「青磁鯱耳付瓶」  南宋〜元時代(12世紀〜13世紀) 龍泉窯 高さ27.4p 口径10.0p 胴径11.7p
 中国南宋時代(1127〜1279)から元時代(1271〜1367)にかけて、浙江省南部の龍泉窯で焼造された青磁に、俗に砧青磁と呼ばれるものがある。これは、戦国時代の茶人、千利休が所有していた鯱耳付の青磁花生に割れがあり、鎹で留められていたところ、それを見てかえって響きがあると好み、砧の響きになぞらえて、砧青磁と呼ぶようになったとするものである。また一説では、銀閣寺に伝わった花生が絹を打つ砧の形に似ており、砧青磁と称するようになったともされる。

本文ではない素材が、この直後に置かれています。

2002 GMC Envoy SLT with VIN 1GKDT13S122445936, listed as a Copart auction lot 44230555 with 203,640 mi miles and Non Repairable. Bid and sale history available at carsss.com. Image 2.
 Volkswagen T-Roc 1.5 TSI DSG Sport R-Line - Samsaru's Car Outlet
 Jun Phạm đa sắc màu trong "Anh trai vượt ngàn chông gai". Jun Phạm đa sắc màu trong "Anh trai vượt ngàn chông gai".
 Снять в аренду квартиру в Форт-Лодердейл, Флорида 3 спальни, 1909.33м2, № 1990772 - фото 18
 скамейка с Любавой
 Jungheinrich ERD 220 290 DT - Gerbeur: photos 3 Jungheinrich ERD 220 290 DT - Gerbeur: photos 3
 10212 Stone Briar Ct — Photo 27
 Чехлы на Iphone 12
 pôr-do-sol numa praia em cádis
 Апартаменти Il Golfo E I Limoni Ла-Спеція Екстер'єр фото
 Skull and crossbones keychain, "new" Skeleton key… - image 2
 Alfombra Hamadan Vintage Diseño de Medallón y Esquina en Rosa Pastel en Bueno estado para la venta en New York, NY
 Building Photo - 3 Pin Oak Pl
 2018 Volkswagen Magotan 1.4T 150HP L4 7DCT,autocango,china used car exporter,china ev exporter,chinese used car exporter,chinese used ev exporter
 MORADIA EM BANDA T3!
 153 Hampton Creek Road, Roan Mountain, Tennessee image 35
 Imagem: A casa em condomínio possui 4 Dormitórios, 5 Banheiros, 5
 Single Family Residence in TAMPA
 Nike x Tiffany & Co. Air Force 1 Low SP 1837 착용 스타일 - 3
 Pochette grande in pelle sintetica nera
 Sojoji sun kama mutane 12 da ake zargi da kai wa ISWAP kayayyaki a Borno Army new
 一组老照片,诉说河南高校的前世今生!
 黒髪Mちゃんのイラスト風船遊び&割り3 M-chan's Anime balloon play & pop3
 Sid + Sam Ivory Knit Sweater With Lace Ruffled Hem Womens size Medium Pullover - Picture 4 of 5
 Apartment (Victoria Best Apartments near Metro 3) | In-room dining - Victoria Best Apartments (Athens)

砧青磁は、利休伝説を呼ぶように特に日本人に好まれた青磁で、輸入を目しても焼かれ、鎌倉時代末の14世紀初めには、国内に数多く流入している。その特徴は、粉青色(不透明な薄い青色)の釉薬が厚くかかり無紋のものが多く、北宋の官窯の作例に比べて緩やかなフォルムを具えている。本作品は、この砧青磁にあたるものであるが、やや元時代の天龍寺青磁に近い発色を示すところから、南宋時代末から元時代にかけての焼造と考えられる。